Running combat was so fun. And running in Hârn even more so. _


----------



## Broccli_Head (Sep 3, 2004)

*The Sons of Ilvir *

Orthor of Then, reserve _manus_ from the Gerium Legion, strained his eyes. He kept thinking that he saw movement among the rocks and trees below. 

"Bahh! It is just shadows and mist," he told himself as he kept watch. 

Tivir, the Shirnan Legionnaire had volunteered for bed, not for guard duty like Orthor had. Behind him, still in the front cave, the strange Rethemi muttered prayers he hoped to Larani, like he suspected, and not to Agrik like most of the murderous men from Rethem did. Granted, there were Agrikans in Tharda, but they seemed to be much less bloodthirsty, at least in Orthor's experience. The Kuboran barbarian also made him nervous. That one had harassed his injured lieutenant until the _Manus milites_ had chased him away. Now, even though the easterner had checked his wounds, he could hear his superior officer groaning in the throes of a fever. 

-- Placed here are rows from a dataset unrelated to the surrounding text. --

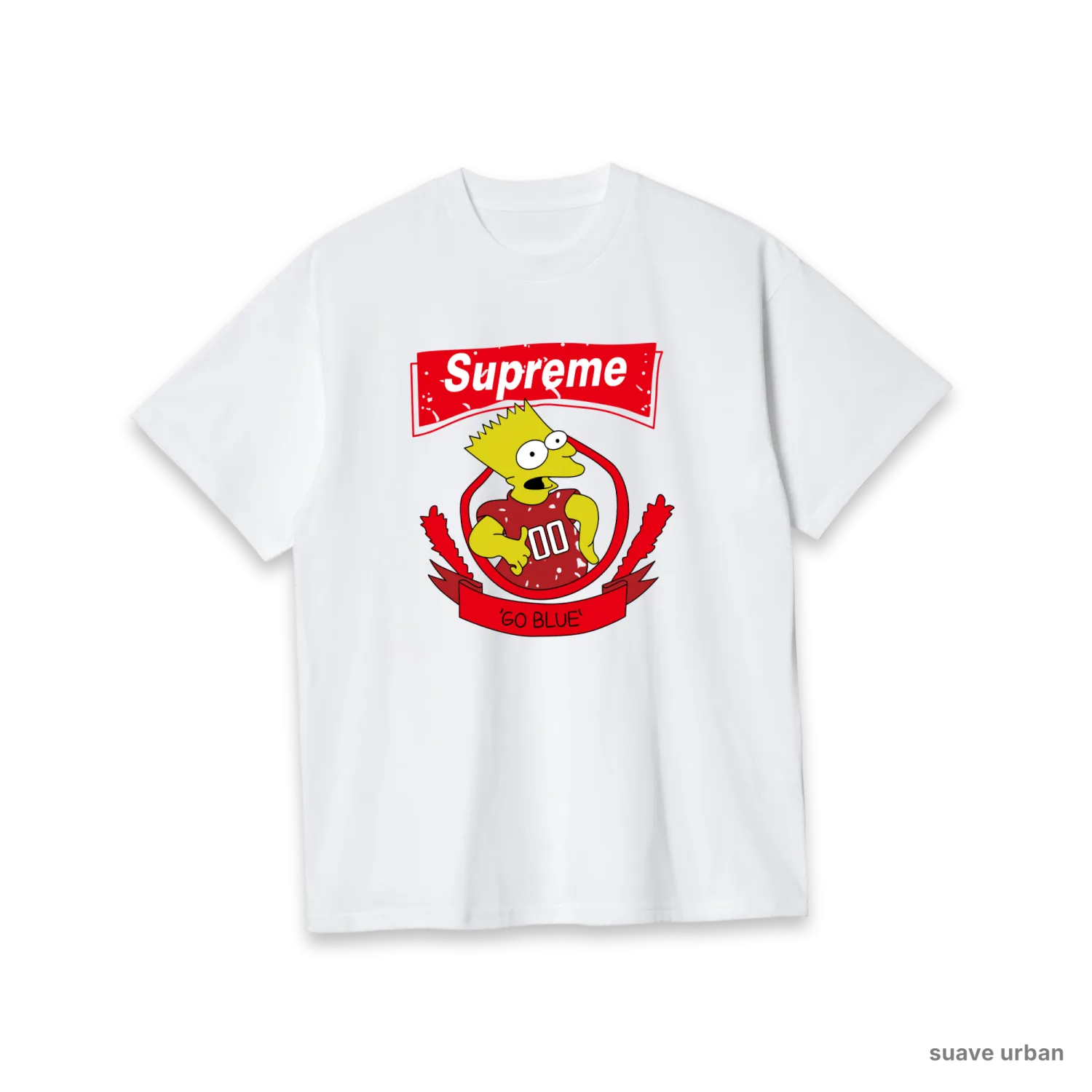 Supreme Dragon Crest White
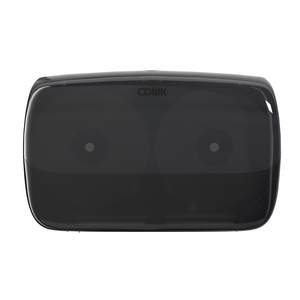 <span class=keywords><strong>Porte</strong></span>-papier toilette double rouleau commercial - Fixation murale - Plastique ABS - Étagère <span class=keywords><strong>de</strong></span> <span class=keywords><strong>salle</strong></span> <span class=keywords><strong>de</strong></span> <span class=keywords><strong>bain</strong></span> - Design moderne pour hôpitaux - Salles <span class=keywords><strong>de</strong></span> douche - Product Image 5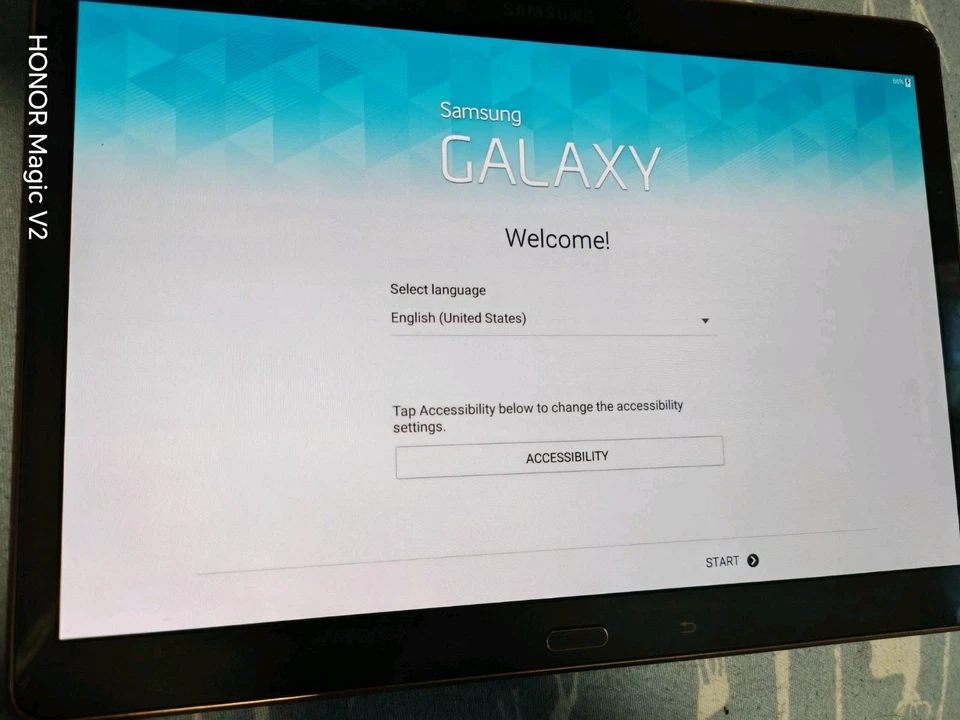 Samsung Galaxy Tab S 10.5 Wifi/SD EXPANDABLE 16GB, Bronze/, EXCELLENT/ANKER/FAST - Image 2 of 4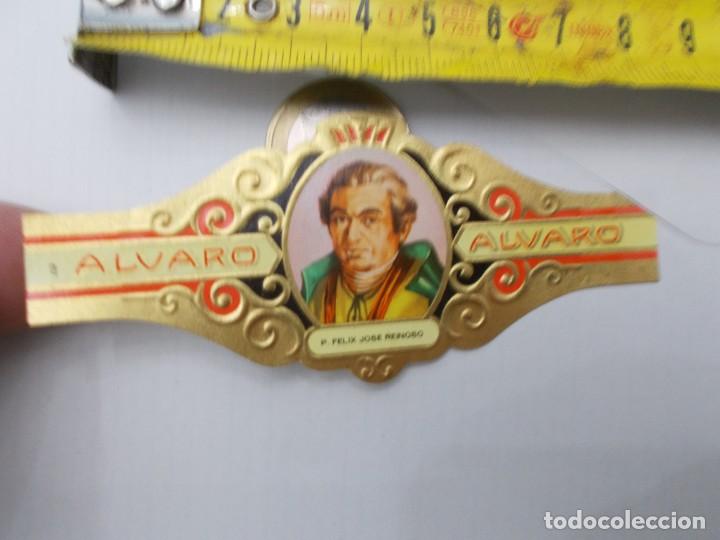 An&eacute;is de charuto de cole&ccedil;&atilde;o: &iexcl;&iexcl; VITOLA &iexcl;&iexcl; ALVARO P. PELIX JOSE REINOSO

"Good job, mate. Ya scared 'em away," came a voice from his right flank. 

He half-spun to that side, leveling his spear, but keeping his tower shield to the front. He lowered his guard as he saw that the younger of the two woodsmen who had saved their lives from the ambush smile broadly. 

"Please, don't do that again!" hissed the legionnaire. 

Orthor made a face, wanting to hold his nose. The boy stank. 

Acknowleding his expression, the lad replied,"That's the idea, bub, and it worked too." 

The legionnaire shook his head, and thought, _Strange folk these northerners._ 

He watched as the young man went towards the back cave presumably to talk with his elder, and then turned back to resume his watch. 

** 

Halifax removed the hyeka-gargun "scale" mail and let it clink to the ground. He broke an icicle from the roof of the cave and did his best to wash away the smell and drown the fleas, and then he put on his traveling leathers and leaned against the wall. The traehan watched and then waited until the younger man had settled. 

"Well?" 

"You were right. It's warming up and a fog is rising. We should be well covered by sun-up." 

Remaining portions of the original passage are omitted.